▶ Supplied material:
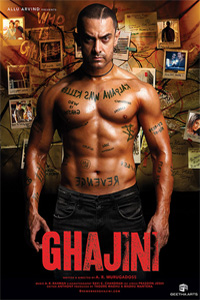 Ghajini (2008 - 2009)   [DVDRip/ Sub. español]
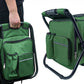 Portable Cooler Stool Multi-Function Folding Fishing Chair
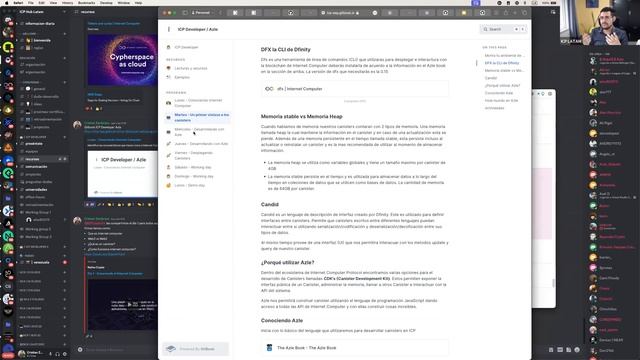 Día 2 - Un primer vistazo a los canisters смотреть онлайн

▶ Problem to solve: The lines from the one containing "Portable Cooler Stool" up to and including the last line of the material above are to be given again exactly; any pictures are dropped.

▶ Exercise answer:
 Portable Cooler Stool Multi-Function Folding Fishing Chair
 Día 2 - Un primer vistazo a los canisters смотреть онлайн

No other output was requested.